Jumat, 29 April 2011

Problema Pendidikan Madrasah

Problema Pendidikan Madrasah
Oleh Herry, 2008-02-20

UNDANG-UNDANG Sistem Pendidikan Nasional Nomor 20 Tahun 2003 tidak membedakan pendidikan madrasah dengan sekolah umum, termasuk soal antara sekolah negeri dan swasta. Sebab, kedua sistem tersebut merupakan institusi pendidikan yang memiliki peran penting dalam membangun bangsa.


Memang, pada sisi kurikulum ada satu hal yang membedakan madrasah dengan sekolah, yakni dari sisi kuantitas pembelajaran. Pendidikan keagamaan di madrasah lebih banyak dibandingkan dengan di sekolah umum. Di madrasah pendidikan keagamaan mencapai 9 jam pelajaran, sedangkan di sekolah umum hanya 2 jam.
Namun selama ini, pendidikan di madrasah masih dipandang sebelah mata oleh sebagian masyarakat. Ada anggapan turun gengsi ketika melanjutkan pendidikan ke madrasah ibtidaiyah (MI), madrasah tsanawiah (MTs) atau madrasah aliah (MA). Derajat madrasah pun diposisikan di bawah sekolah umum. Kalaupun masuk atau melanjutkan pendidikan ke madrasah, hal itu menjadi pilihan terakhir lantaran gagal masuk ke sekolah umum idamannya.

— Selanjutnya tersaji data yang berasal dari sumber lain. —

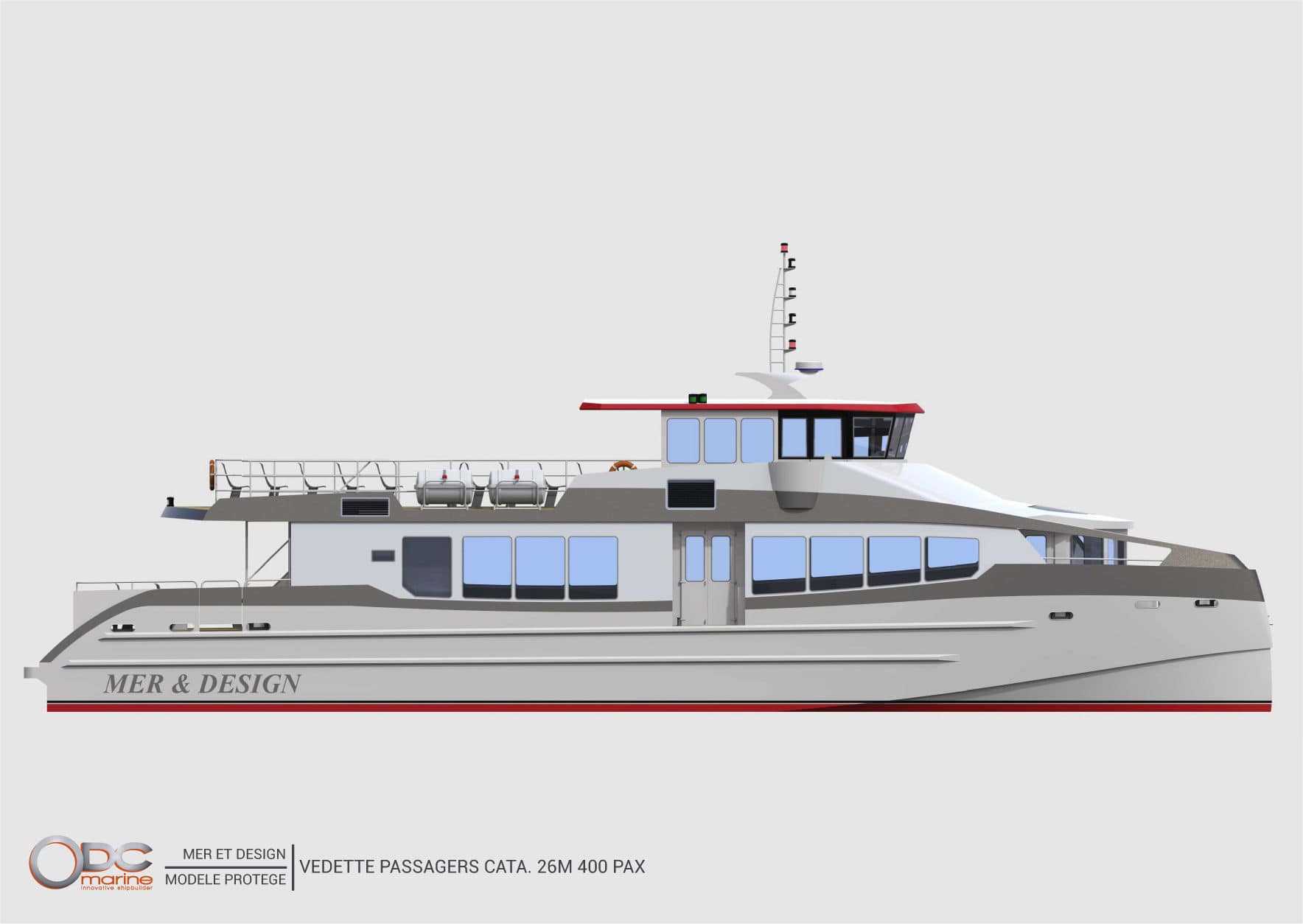 target la ligne pants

Paradigma pemikiran seperti ini diperkuat pula dengan kondisi infrastruktur madrasah yang kurang memadai bahkan sangat memprihatinkan. Di Kab. Cianjur, dari 222 bangunan MI yang ada, baru 30% yang memenuhi standar. Selebihnya, kondisi bangunan MI ini rusak berat, bahkan banyak bangunannya yang nyaris ambruk. "Kalau kondisi bangunan MTs agak lumayan, sebab masih ada kira-kira 65% yang layak dipakai. Tapi kondisi bangunan MI, hampir 70% sangat memprihatinkan," ungkap Dra. Hj. Ida Farida, M.Pd., Kasi Mapenda Depag Cianjur.
Kondisi bangunan yang memprihatinkan ini, akan memengaruhi tingkat kepercayaan masyarakat terhadap madrasah. "Masyarakat sekarang lebih suka melihat kulit luar alias casing daripada isi," imbuh Ida.

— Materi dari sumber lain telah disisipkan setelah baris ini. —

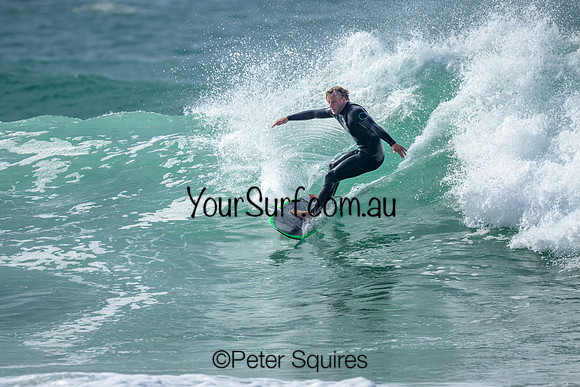 Warriewood_240518_101926_297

Sebenarnya, belakangan ini kucuran anggaran untuk program pembangunan fisik madrasah relatif banyak. Padahal, sebelum tahun 2000, program pembangunan untuk madrasah, relatif minim. Akibatnya, saat itu, sudah menjadi pemandangan biasa kalau banyak bangunan MI yang seperti kandang kerbau. Bahkan, tidak sedikit pula MI yang membubarkan diri lantaran bangunannya raib dimakan usia, tergusur bencana, atau ditinggalkan masyarakat. Salah satu contohnya terjadi di Kec. Tanggeung dan Sindangbarang.

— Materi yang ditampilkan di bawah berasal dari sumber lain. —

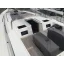 Used sailboat BAVARIA C45 STYLE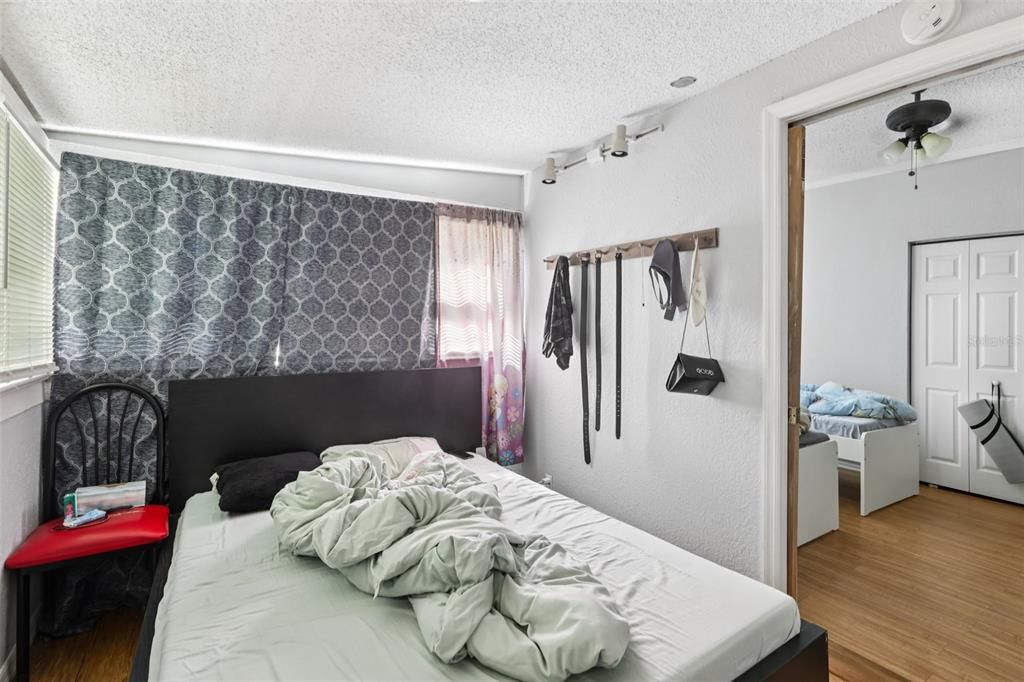 For Sale: $549,900 (0 beds, 0 baths, 1504 Square Feet)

Kendati demikian, Ida memperkirakan, derasnya program pembangunan tidak bisa merehabilitasi semua bangunan madrasah, khususnya MI, dalam dua atau tiga tahun ke depam, "Memang tahun 2008 kami jadikan sebagai tonggak akselerasi perbaikan sarana dan peningkatan SDM pengelola madrasah, tetapi kami tidak bisa memastikan pada dua atau tiga tahun mendatang semua bangunan MI akan layak pakai. Apalagi program pembangunan melalui dana role sharing akan berakhir tahun 2008," jelasnya.
Bukan hanya urusan bangunan yang membelenggu perkembangan madrasah, SDM pengelola madrasah, seperti guru pun masih terpuruk. Padahal kualitas guru menjadi salah satu nilai jual madrasah kepada masyarakat. Kantor Depag Cianjur pun berusaha untuk mendongkrak program peningkatan SDM guru madrasah. Para guru madrasah (ustaz) diikutsertakan pada aneka program pelatihan maupun program peningkatan mutu akademis.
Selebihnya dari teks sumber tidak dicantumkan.